Table 9 shows the performance error for each participant by calculating the MAE error through a comparison of Apple Watch Series 6 EE and our model’s (Ours) predicted EE with GT EE. As shown in the table, both participants (P03 and P09) exhibit lower EE prediction errors with our model than with the Apple Watch 6. Notably, participant P03 achieved a prediction error of just 0.019583, indicating a very low error.
5.3. Performance Comparison According to DQN Scenario Length
In RL, performance can vary significantly depending on the scenario length setting. In this study, we conducted two performance tests for prediction accuracy, using scenario lengths of 5 min (300 s) and 1 min (60 s).
Figure 10 shows the EE prediction results from an experiment comparing performance with scenario lengths of 5 min and 1 min. A 5Min EE represents the MAE error across the entire test dataset (participants P03 and P06) when trained with a 5 min scenario length, while 1Min EE represents the MAE error when trained with a 1 min scenario length. The visualization results indicate that while 1Min EE exhibits lower errors in certain areas, 5Min EE demonstrates lower overall errors across the entire dataset. Below is a graph illustrating the MAE errors for both scenario lengths.

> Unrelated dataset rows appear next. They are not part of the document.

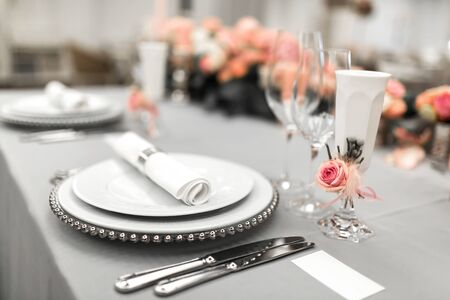 Part of stylish table setting with plate and cutlery. Nearby lies a white business card. Copy space.の写真素材
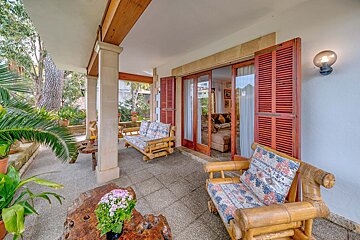 A patio with a couch and chairs and a table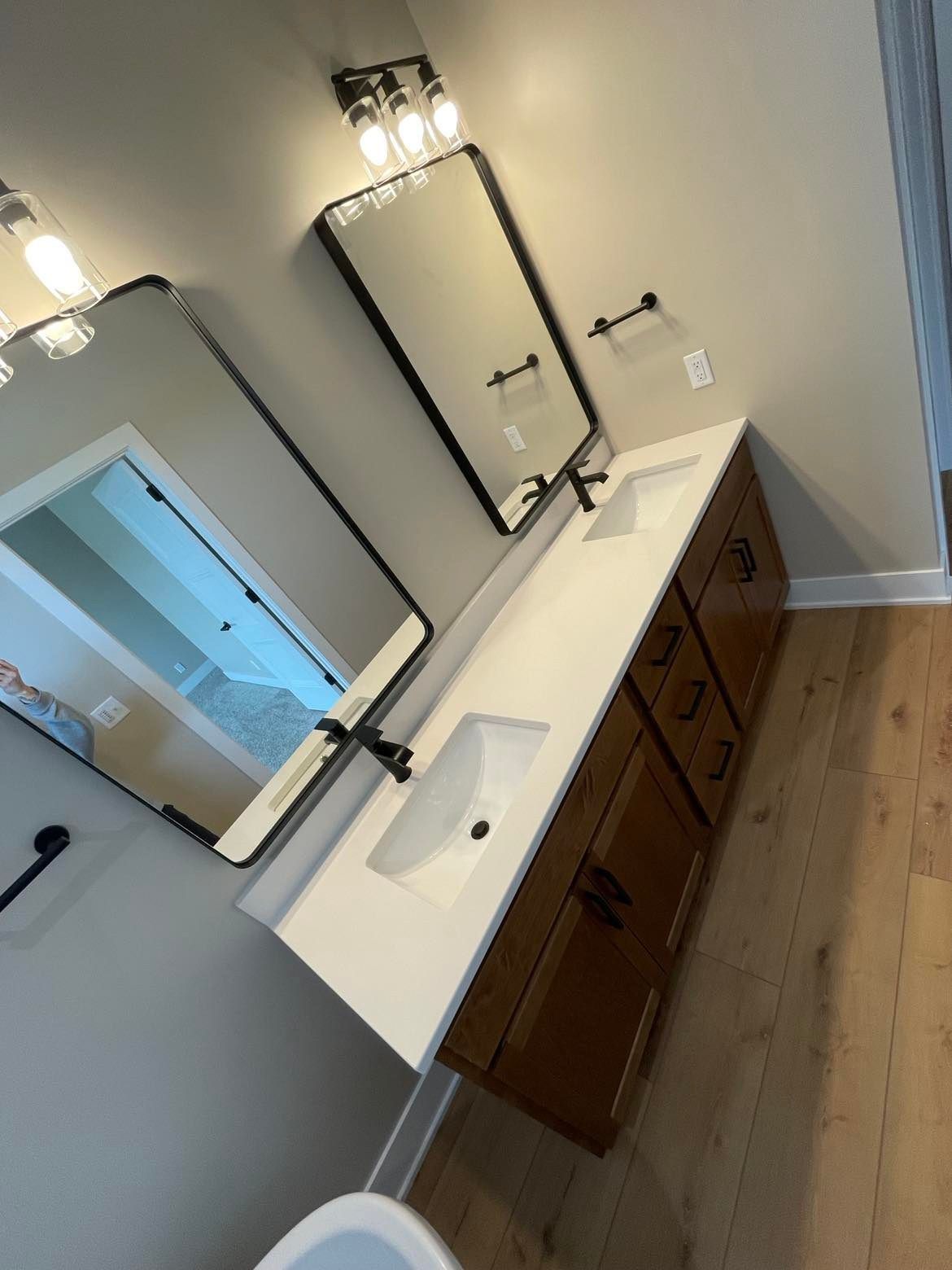 A modern bathroom featuring a double vanity with white countertops, wooden cabinets, two framed mirrors, and light fixtures.
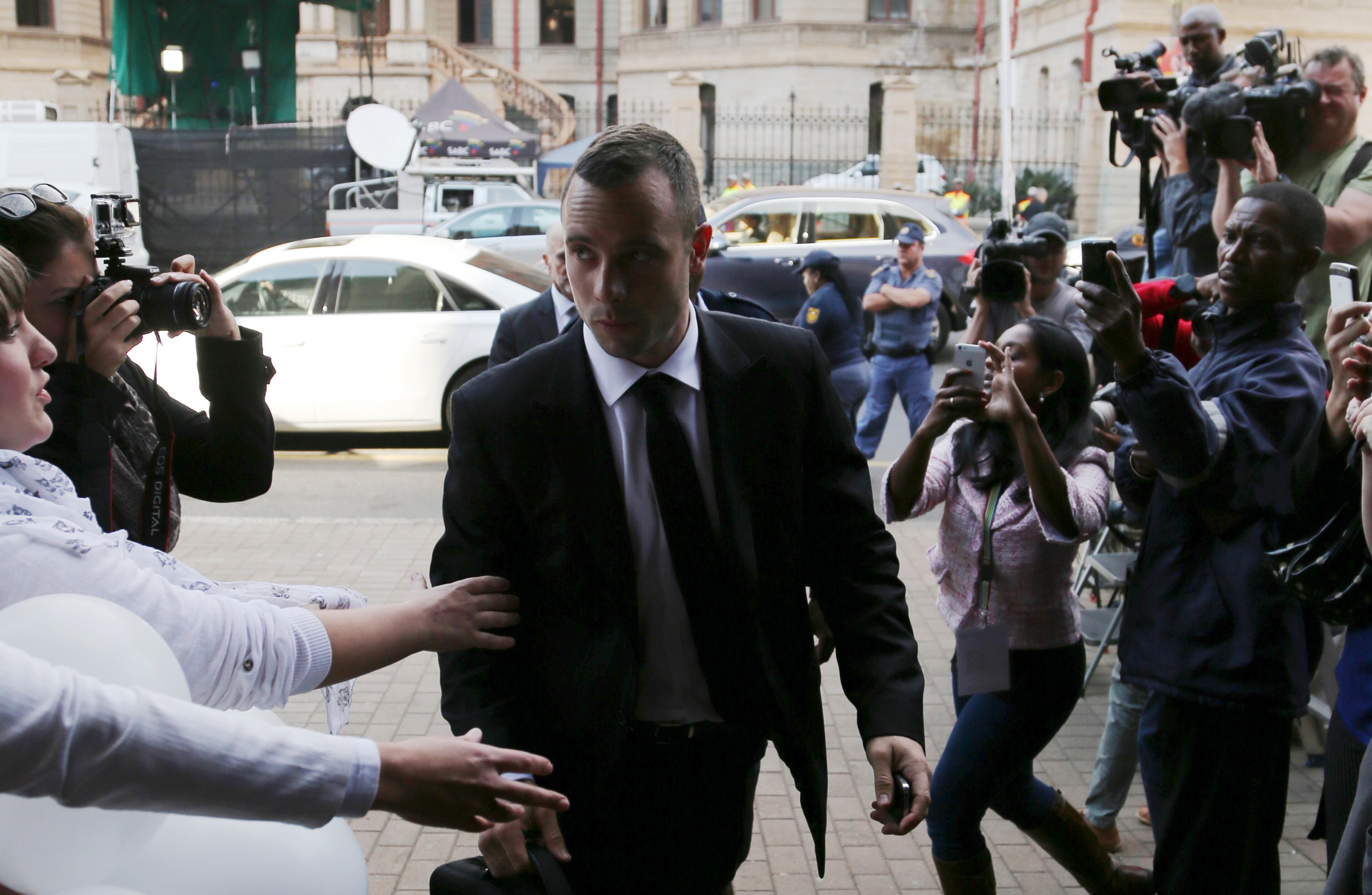 Oscar Pistorius is greetted by fans upon his arrival at the high court in Pretoria, South Africa, Friday, May 9, 2014. Pistorius is charged with murder for the shooting death of his girlfriend, Reeva Steenkamp, on Valentines Day in 2013. (AP Photo/Themba Hadebe)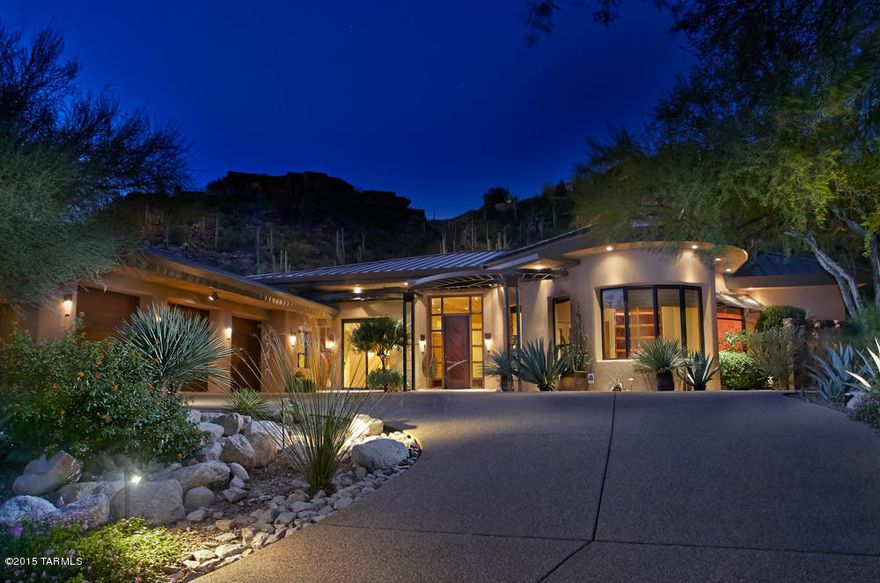 A stunning architectural masterpiece in Ventana Canyon C.C Est. nestled into a 1.2ac saguaro studded lot to provide views & privacy. Enter through the custom metal front door into the grand liv.rm w/floor to ceiling walls of windows, wood planked ceilings, custom built-ins, travertine floors throughout & an elegant dining rm w/bar. The epicurean kitchen features granite counters & backsplash, high end appliances & a butlers pantry. Mstr bdrm wing features a luxurious bathrm w/steam shower, 2 closets, Jacuzzi tub & private office w/custom built-ins.  3 spacious guest rooms, Stunning bathrms & designer finishes are found throughout this home, all on one level w/NO steps- a rarity in Ventana! Lush desert gardens, pebbletec pool/spa & built-in grill make for an entertainer’s outdoor paradise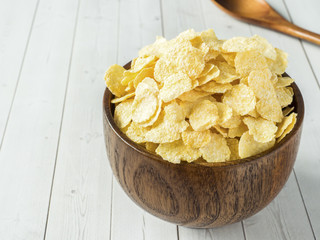 Dry corn flakes in wooden bowl on light background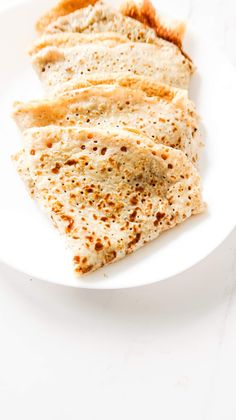 several flat breads on a white plate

Table 10 shows the MAE error of EE prediction based on scenario length. As shown in the table, the prediction error is lower when the scenario length is set to 5 min compared to 1 min.
6. Conclusions
In this study, we proposed RTEE, a real-time energy expenditure (EE) prediction model that infers activity intensity from heart rate and applies reinforcement learning. RTEE successfully reflects the Metabolic Equivalent of Task (MET) in real time and mitigates EE overestimation at high intensities. It also leverages the Keytel method to address the variable relationship between heart rate and oxygen consumption, improving prediction accuracy during rest.
RTEE outperformed conventional methods by achieving the lowest average error across various activities, making it particularly suitable for monitoring EE in workers performing diverse tasks rather than single-type exercises. Unlike traditional MET-based approaches, which require activity-specific indices, RTEE estimates intensity coefficients directly from heart rate changes, enhancing real-time usability.
Although the model does not explicitly model the delay in reaching a steady physiological state, it partially captures transition dynamics via heart rate. Future work will focus on modeling these dynamics more precisely and improving accuracy during exercise onset.
We also acknowledge limitations related to the use of RMR (estimated via the Mifflin equation) instead of BMR and dataset dependency. To address variability and approximation errors, our model dynamically adjusts predictions through reinforcement learning. Further work will involve refining BMR–RMR modeling, expanding the dataset, and reducing measurement noise to enhance robustness and generalizability. The model’s performance is subject to the quality of the training data, which may include noise from movement or sensor errors. Future research will aim to enhance reliability by addressing these issues.